Monday, November 16, 2015

Computing zonal and weighted statistics from NetCDF data with NCO

This post is a sequel to Concatenate and average NetCDFs where I introduced NCO (NetCDF operators), how to install NCO, and provided examples for the essential operations of record and ensemble concatenation and averaging of variables across multiple NetCDF files. If you are new to NCO I suggest familiarizing yourself with that post and experimenting with some NetCDF files as well as reading the NCO user manual. This post explains how to calculate weighted and non-weighted zonal statistics on variables over different dimensions (e.g. temporal and spatial averages) using the ncwa command line tool. Including several examples as well as information regarding open-source tools for visualizing NetCDF variables and NCO commands for accessing NetCDF metadata. These tools and examples will aid you in your work flow as they did for me!
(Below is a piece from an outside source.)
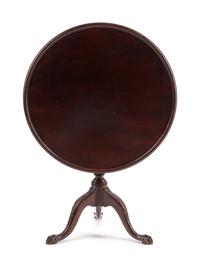 A George III Mahogany Tilt-Top Tea Table — THIRD QUARTER 18TH CENTURY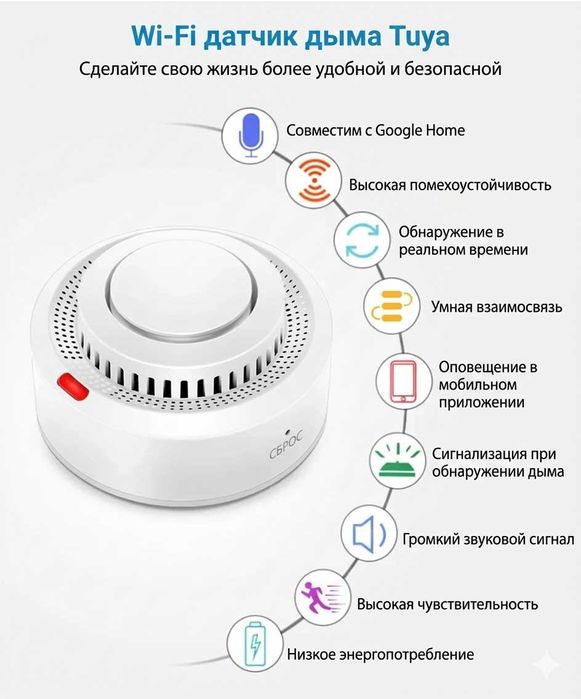 Умный датчик дыма DYGSM, для Умного дома, с поддержкой Алисы, Wi-Fi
Calculate zonal means using ncwa

In the previous NCO post we used the record averager (ncra) command to average variables over multiple files over their record dimension, typically time. But what if we need to average or use other aggregating statistics on a variable over space, time, or any other combination of dimensions we desire? The NetCDF weighted averager is just the right tool for the task.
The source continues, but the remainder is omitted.